Monday, February 16, 2015

Darkened Cigarettes by Shane Downing

Darkened Cigarettes

by Shane Downing

Alone, in front of the expanse of black,
Light from the side but faith no more,
A moment to ponder before I crack,
And I reach for the pain without a sore.

It eludes me, that devious and sly thought,
Leaving the notion of immense disease,
A smile - receiving the item that I sought,
But it's a lie - I'm brought to my knees.

One, the sender, blinks and turns away,
Finding solace in personal deceptions,
Letting this helpless being cry and stray,
Upon the brink of futile conceptions.

Once - just maybe - there had been the rose,
Impish grins shining to respond in aluminum,
But the heart - it feels what the mind knows,
Sensing pain in edifices and a small crumb.

Falling, now, with no signs of stopping known,
Occasional hints with the facade of light to see,
Snapping and breaking every single bone,
Yet one would see an untouched body.

Light - the purifying source of all knowledge and lies,
Those Mundane objects re-attaching mortal debts,
Here - no, perhaps there, light returns and deeply sighs,
Streaming the curling smoke of darkened cigarettes.

Author’s notes:

I wrote this poem a few days ago in response to my feelings on sorrow.

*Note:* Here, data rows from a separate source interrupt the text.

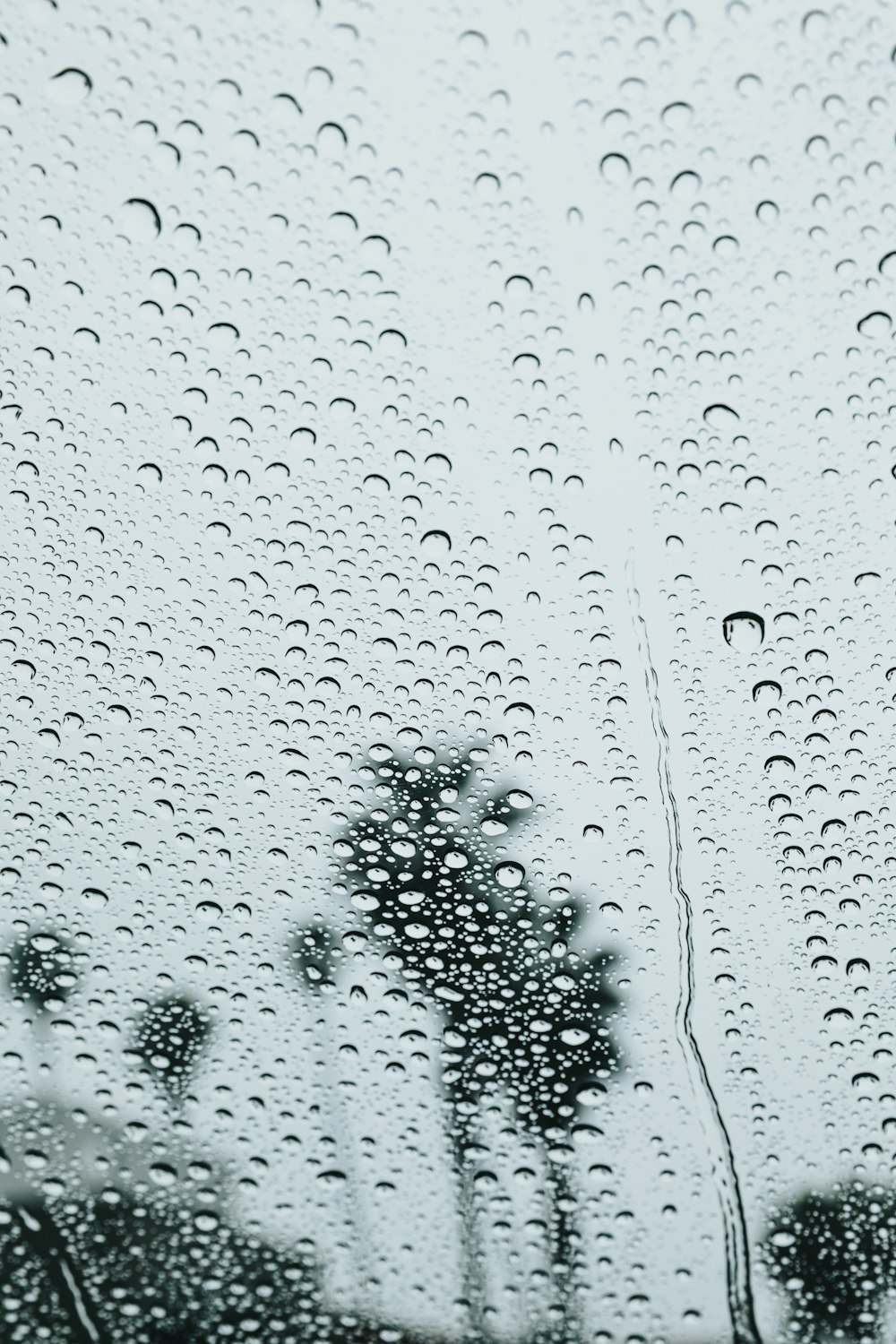 rosée d’eau sur le verre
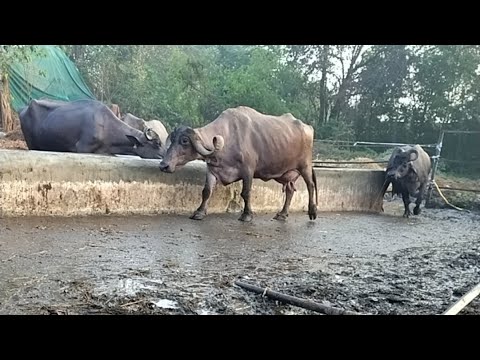 How to start Buffalo Farming in India | Discussion with Krishi sansar.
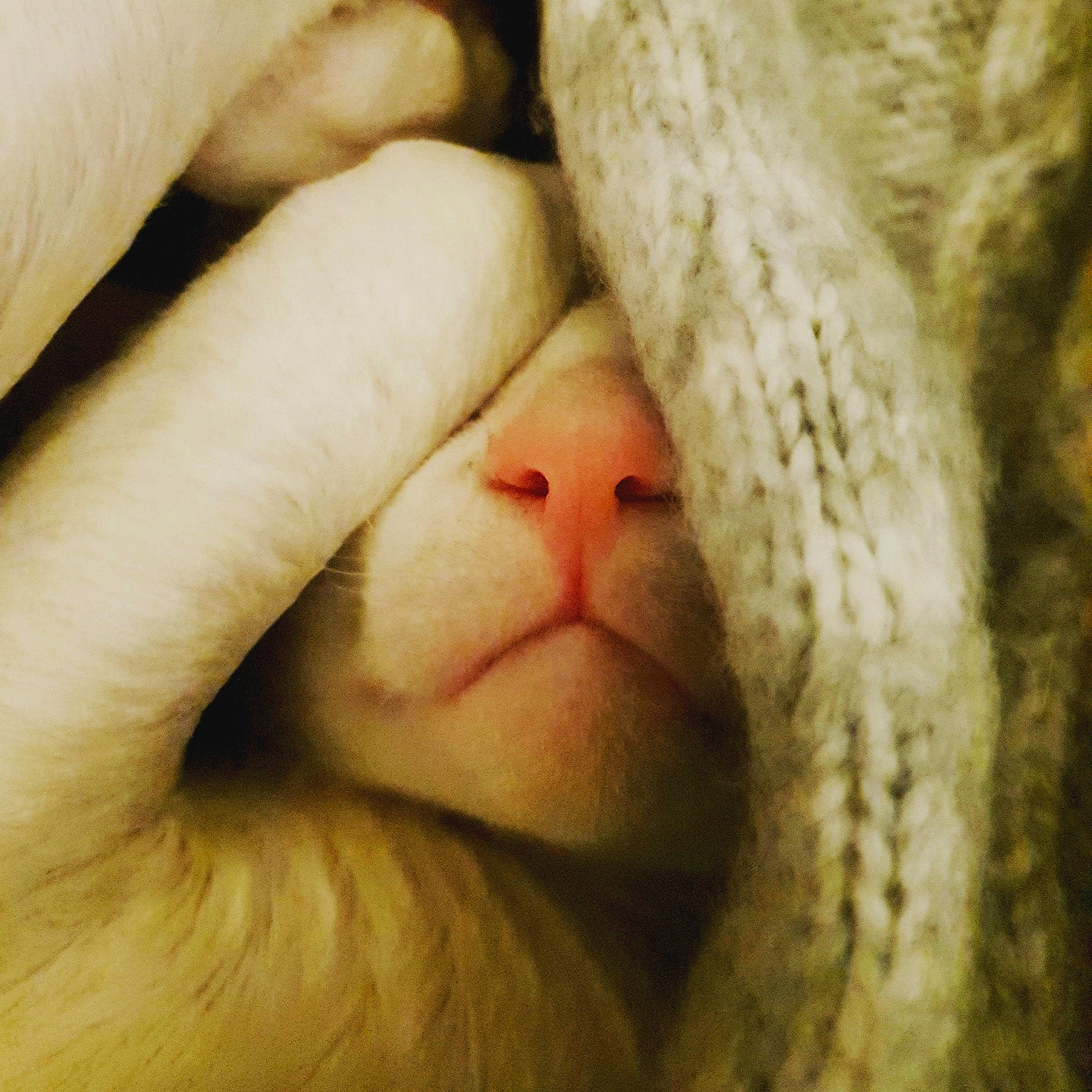 Castiel is registered to the contest to win money with this photo: canidae, child, claw, comfort, fawn, felidae, flesh, fur, linens, livestock, nail, nap, paw, sleep, small_to_medium_sized_cats, snout, terrestrial_animal, whiskers, wildlife, wool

Having slacked into depression, I oddly felt motivation to write it down. It's about sadness, and how it seems to affect and alter reality. The poem goes through the motions of someone's first contact with a specific sorrow. Then, as it progresses through the setting, it brings the reader (and the narrator) back to harsh reality. The cigarettes (and the smoke) are symbolic of a memory.